Las películas basadas en hechos reales —y esta presume de ello en su publicidad y en sus créditos— arrastran un pesado condicionante, que su trama y argumento ya están escritos, al menos en sus líneas esenciales. El guionista o el realizador de este tipo de historias carecen de la libertad del resto de autores de ficción para incluir un determinado giro o conducir el argumento en otra dirección. Por supuesto poseen la libertad del punto de vista elegido, que no es poco, pero siempre llevan esa piedra sobre sus espaldas. Una piedra que se convierte en aliada si la historia «real» es potente dramáticamente (en el sentido teatral del término) y en enemiga si carece de ese poso dramático que exigen las leyes de la ficción.
En «aliada» se convertía, pues, en otras dos conocidas películas de los productores de este film —por lo visto aficionados a sacar sus historias directamente de la realidad—, «Spotlight» y «12 años de esclavitud», pero no sucede lo mismo en esta ocasión ya que los hechos reales terminan convirtiéndose en un lastre que no logra superar el punto de vista o la mirada de la directora, la joven cineasta Sara Colangelo, que tampoco resulta muy definido u homogéneo. El tema elegido son las indemnizaciones a las víctimas de los atentados del 11 de septiembre de 2001 y la película deja algunas estimables anotaciones acerca de los intereses políticos y económicos subyacentes —muy buenas las referidas al diferente valor del dinero para cada estrato social—, pero centra en exceso la atención en el personaje del abogado al frente del peritaje que interpreta (eficazmente) Michael Keaton, especialmente en su evolución desde los números fríos hasta empatizar con el factor humano del suceso, y en ninguno de ambos casos, ni desde el personaje ni desde la evolución, encuentra intensidad dramática suficiente y casi termina pareciendo uno de esos relatos de redenciones ejemplares que hemos visto más de una vez en la pantalla.

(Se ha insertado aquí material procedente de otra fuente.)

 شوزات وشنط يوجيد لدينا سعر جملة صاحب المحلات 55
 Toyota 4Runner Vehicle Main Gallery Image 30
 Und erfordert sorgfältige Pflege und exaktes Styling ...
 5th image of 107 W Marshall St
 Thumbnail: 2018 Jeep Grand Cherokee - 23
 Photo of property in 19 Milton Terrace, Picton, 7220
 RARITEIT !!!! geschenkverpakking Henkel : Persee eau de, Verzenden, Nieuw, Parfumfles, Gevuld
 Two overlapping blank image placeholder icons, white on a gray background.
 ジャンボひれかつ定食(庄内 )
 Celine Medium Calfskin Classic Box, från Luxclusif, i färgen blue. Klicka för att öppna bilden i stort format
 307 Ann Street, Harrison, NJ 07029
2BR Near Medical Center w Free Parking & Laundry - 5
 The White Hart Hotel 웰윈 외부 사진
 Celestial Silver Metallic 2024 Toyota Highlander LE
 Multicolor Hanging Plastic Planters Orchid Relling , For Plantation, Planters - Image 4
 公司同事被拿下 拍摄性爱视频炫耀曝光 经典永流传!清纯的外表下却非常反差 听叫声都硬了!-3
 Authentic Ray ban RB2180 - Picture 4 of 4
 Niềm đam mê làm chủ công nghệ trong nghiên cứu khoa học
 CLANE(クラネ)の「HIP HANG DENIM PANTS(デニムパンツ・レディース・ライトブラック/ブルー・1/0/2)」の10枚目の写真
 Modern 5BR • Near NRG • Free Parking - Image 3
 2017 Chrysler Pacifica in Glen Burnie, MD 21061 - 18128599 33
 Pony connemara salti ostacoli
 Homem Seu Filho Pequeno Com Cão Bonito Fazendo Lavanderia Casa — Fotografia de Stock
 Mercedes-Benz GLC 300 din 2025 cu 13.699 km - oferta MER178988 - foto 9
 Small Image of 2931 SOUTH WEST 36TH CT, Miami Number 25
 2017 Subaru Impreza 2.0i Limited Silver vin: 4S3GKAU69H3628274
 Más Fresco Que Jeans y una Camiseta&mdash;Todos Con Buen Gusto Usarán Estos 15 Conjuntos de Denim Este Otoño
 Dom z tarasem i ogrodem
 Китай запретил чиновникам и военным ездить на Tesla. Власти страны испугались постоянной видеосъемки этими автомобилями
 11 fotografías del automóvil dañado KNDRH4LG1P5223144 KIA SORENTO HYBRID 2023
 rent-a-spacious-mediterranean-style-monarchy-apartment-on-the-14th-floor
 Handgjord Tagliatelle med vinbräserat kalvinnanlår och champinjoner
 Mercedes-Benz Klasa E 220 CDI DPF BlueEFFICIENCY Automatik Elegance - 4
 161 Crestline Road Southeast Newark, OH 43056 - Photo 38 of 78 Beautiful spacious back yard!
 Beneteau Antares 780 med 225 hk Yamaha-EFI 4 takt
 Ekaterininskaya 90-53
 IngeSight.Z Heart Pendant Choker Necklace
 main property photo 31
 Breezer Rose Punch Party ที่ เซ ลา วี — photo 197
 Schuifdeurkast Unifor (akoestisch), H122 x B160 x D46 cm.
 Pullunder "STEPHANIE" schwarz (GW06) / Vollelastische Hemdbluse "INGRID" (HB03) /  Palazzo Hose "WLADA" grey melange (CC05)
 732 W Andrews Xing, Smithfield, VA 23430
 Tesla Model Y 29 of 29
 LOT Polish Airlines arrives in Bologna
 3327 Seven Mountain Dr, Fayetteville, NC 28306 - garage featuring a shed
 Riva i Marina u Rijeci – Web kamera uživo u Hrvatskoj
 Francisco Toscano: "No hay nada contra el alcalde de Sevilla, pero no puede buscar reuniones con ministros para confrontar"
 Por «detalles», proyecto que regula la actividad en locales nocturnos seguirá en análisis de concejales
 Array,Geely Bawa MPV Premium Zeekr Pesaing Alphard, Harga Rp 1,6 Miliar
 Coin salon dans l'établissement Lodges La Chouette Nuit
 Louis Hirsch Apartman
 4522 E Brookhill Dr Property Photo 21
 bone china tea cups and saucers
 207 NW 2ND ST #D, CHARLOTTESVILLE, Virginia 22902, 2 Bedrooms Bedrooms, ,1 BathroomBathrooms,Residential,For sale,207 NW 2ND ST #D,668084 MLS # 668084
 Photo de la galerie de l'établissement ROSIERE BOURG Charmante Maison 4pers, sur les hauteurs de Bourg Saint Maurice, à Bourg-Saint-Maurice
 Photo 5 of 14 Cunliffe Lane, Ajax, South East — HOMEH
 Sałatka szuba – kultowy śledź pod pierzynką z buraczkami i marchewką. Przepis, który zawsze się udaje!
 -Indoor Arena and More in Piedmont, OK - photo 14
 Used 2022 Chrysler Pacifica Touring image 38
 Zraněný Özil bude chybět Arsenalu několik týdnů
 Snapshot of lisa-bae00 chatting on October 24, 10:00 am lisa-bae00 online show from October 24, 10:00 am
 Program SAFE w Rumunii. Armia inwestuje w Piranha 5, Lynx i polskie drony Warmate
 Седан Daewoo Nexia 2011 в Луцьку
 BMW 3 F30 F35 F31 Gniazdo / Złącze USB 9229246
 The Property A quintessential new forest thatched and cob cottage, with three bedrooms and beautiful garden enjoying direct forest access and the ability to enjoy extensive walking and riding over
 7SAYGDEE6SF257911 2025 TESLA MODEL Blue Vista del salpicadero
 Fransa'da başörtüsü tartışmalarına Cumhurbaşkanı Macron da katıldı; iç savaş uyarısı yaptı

Por el camino, también pretende proporcionarnos un pequeño fresco de las tragedias individuales que trajeron consigo los atentados, pero tampoco en este apartado consigue unos resultados demasiado sobresalientes, ni cuando se trata de pequeños flashes cargados de sentimiento (o sentimentalismo) ni cuando las historias alcanzan la categoría de subtrama —las historias del bombero con dos familias, la de la pareja gay sin papeles o la propia que interpreta Stanley Tucci—, siempre amenazadas por la sombra de la superficialidad, incluso del oportunismo. La correcta factura, el alcance del tema y los buenos actores permiten, no obstante, que la película se pueda ver con cierta atención e interés, pero poco más.